We plan to update the dataset annually provided that the primary upstream sources (crates.io, GitHub & GitLab) remain stable. Researchers can also use our pipeline to reconstruct the dataset, a process that requires some data storage space (around 300 GB, though this volume will likely increase over time as the dataset is updated) and several days to query the data sources and process the results. Our code can also be adapted to collect data from other ecosystems, such as the Julia programming language’s ecosystem. However, we note that not all ecosystems offer the same scope of data as Rust. For example: Rust is relatively young compared to Python, Ruby, or Javascript - as a result a much larger share of the Rust ecosystem’s history is accessible on GitHub. The Rust ecosystem is also relatively small: estimates of the NPM (Node) ecosystem’s size suggest its metadata alone are greater than 100 GB, while the repos themselves would take up multiple terabytes as described here: https://socket.dev/blog/inside-node-modules.

We proceed as follows: first, we describe our data collection and wrangling process and the resulting database. We compare our data coverage against GHTorrent, a widely used database of OSS contributions, finding that our data is more complete. We then outline usage notes for researchers interested in topics such as online cooperation7,19 and collaborative innovation20, success21, and supply chain networks22,23,24 in software. Our data can easily be represented as, for example, dynamic networks of collaborating developers, time series of usage statistics, growing networks of interdependent libraries, or combinations thereof.

Methods

We describe the data sources, and how we combine and curate data from various sources to create a comprehensive overview of the Rust ecosystem. We provide a visual overview of the established data processing pipeline in Fig. 1.

Fig. 1
figure 1

Data processing pipeline. We collect data from Cargo, the package registry of the Rust programming language, and complement it with data from the code hosting platforms GitHub and GitLab. The processed result integrates information on package dependencies, use (downloads and stars), and authors.

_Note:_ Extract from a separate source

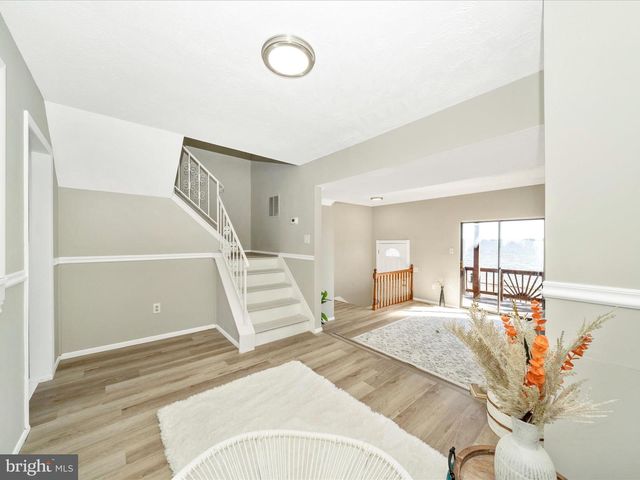 18 VILLA CAPRI CIR, Baltimore, MD 21221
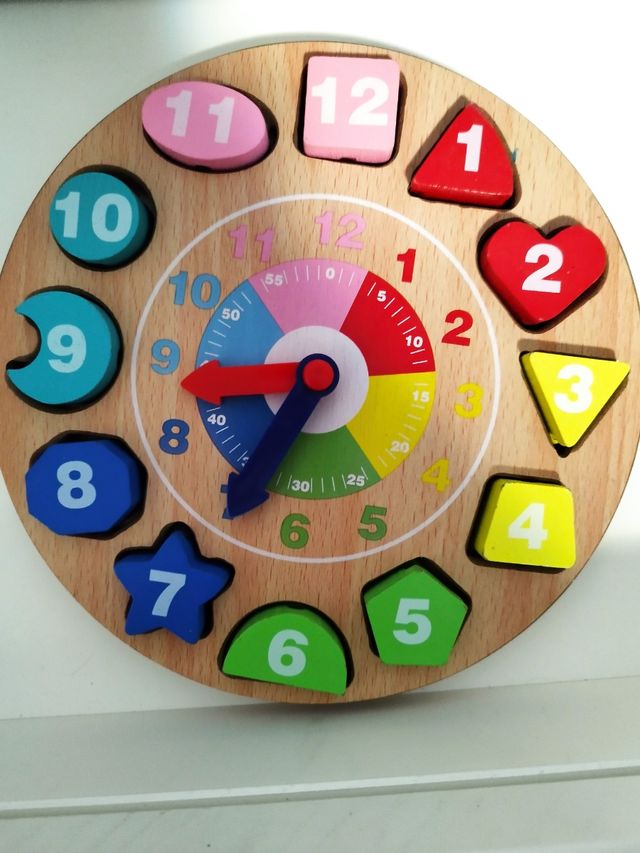 Reloj de madera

Data sources and collection

Cargo: Libraries and dependencies

Our first source of data is the Cargo package (which are called crates in the Rust community) registry. Registries, often called package managers, play an important role in nearly all OSS ecosystems. They allow users to download and update different libraries while resolving dependencies and managing conflicts. Other examples of registries around different programming languages include PyPI for Python, CRAN for R, Rubygems for Ruby, and NPM for Node. We use Cargo as a source of technical dependencies and downloads for Rust. These are available as part of a daily dump from crates.io, accessible via: https://crates.io/data-access.

The data can be directly imported in a PostgreSQL database, and contains package names and creation dates, their versions, a list of dependencies for each version with the semantic versioning (semver) syntax associated to them, and the daily downloads per version of each package. For a relevant discussion of the importance of semantic versioning in OSS ecosystems, see recent work by Decan and Mens25. Packages are also often associated to a repository URL and a documentation URL, but those are not always provided and depend on maintainer input.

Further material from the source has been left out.